What I do know is this: I called and He came to my rescue. He sent his angels up that mountain so I would not have to make the journey down alone. I am also sure that our faith is not a faith of feelings. In my darkest hour, I not only felt that God was absent but I believed that He no longer cared for me. I thought I was a disappointment to Him. The truth is that He loved me all along. He delivered me from the depths that I pray no other man has to see. The Lord quieted my tears. And when I cried out to Him, He answered me.
In my pain and exhaustion I was blinded to the truth. My attempt to take my own life was not because I thought life would be better for the ones I loved without me around. It was the answer to the lie that my God no longer wanted to hold me, that His strength was no longer available to me.
In the scriptures it says, “ The Lord is my rock, my fortress, and my deliverer; my God is my rock, in whom I take refuge, He is my shield and the horn of my salvation, my stronghold.” Psalm 18:4
I take my stance behind Him. He is my rock, the fortress in which I reside. My God delivers me and is where I find refuge. My power, my strength, comes from Him.
We must believe in His promises. They must connect from our head to our heart. The promises He has made are true. I must rely on the words that are written.
My attempt to reach death before His timing is a part of my story. You can call me crazy (but it will hurt my feelings) and you can say I am a fool. I wonder at times why I had to go so far into the depths, but that is not as important as the real message of this story.

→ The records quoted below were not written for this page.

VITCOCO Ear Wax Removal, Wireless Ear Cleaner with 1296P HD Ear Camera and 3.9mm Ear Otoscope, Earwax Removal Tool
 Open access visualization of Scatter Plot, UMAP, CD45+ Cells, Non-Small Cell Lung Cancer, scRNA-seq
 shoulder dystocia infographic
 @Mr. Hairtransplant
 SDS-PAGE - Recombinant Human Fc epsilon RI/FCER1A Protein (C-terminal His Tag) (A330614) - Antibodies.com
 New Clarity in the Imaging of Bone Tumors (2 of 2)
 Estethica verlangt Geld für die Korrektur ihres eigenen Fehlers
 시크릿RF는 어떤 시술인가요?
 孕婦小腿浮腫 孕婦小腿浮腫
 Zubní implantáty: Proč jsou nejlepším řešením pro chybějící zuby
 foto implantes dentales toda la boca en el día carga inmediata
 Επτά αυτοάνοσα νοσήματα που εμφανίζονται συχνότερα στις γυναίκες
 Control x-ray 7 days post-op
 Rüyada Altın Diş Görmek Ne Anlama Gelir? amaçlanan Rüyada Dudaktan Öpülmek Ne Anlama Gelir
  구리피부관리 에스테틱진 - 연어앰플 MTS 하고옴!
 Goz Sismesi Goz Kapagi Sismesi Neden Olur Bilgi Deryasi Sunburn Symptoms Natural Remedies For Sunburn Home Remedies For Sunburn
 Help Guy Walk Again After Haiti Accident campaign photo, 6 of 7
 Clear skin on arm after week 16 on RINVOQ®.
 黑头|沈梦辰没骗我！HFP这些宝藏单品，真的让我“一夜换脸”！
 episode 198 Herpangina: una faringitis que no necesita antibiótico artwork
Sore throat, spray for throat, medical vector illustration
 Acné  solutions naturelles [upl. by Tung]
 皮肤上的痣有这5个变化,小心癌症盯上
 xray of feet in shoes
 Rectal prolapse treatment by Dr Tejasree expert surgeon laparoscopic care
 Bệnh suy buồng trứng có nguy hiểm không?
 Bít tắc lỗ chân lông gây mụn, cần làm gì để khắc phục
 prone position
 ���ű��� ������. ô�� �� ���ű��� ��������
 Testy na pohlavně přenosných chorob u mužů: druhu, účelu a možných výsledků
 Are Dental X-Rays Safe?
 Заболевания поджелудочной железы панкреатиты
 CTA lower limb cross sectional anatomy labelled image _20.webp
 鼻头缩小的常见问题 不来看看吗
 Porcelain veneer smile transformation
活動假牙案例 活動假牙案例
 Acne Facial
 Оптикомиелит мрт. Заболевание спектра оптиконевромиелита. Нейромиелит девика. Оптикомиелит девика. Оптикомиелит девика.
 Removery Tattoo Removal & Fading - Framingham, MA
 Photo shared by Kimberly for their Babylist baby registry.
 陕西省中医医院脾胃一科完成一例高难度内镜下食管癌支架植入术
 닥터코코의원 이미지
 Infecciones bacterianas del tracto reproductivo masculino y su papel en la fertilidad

The truth is He saved me. He sent two angels (to whom words will never do justice) to carry me to Him. And He held me. In fact, He was holding me all along. God chose to extend grace to me by sparing my life.
Six years ago today I tried to take my own life. I lost my way because my feelings failed me. Our faith is more than feelings. We must stand upon a foundation of His promises whether we “feel” them or not. It is my prayer that part of my story will remind others that God does care, even when we are sold the lies and led to believe otherwise by the evil one.
Waking up from that coma may have been the hardest moment of my life. My brain’s first thoughts were four letter expletives and then I began the long and hard journey back to living. Back to not only the belief, but to the foundation of truth that He loves me. He is my rock, my power, strength, and fortress. He has redeemed me.
I was born in December, but every year at half past March, I celebrate the chance He gave me to live again. My faith is more than a feeling. I will remain in His promises and each year I will crawl further and further from the wreckage of a lie that so horribly deceived me. Whether I feel His presence or not, I shall remember through His promises that He is there.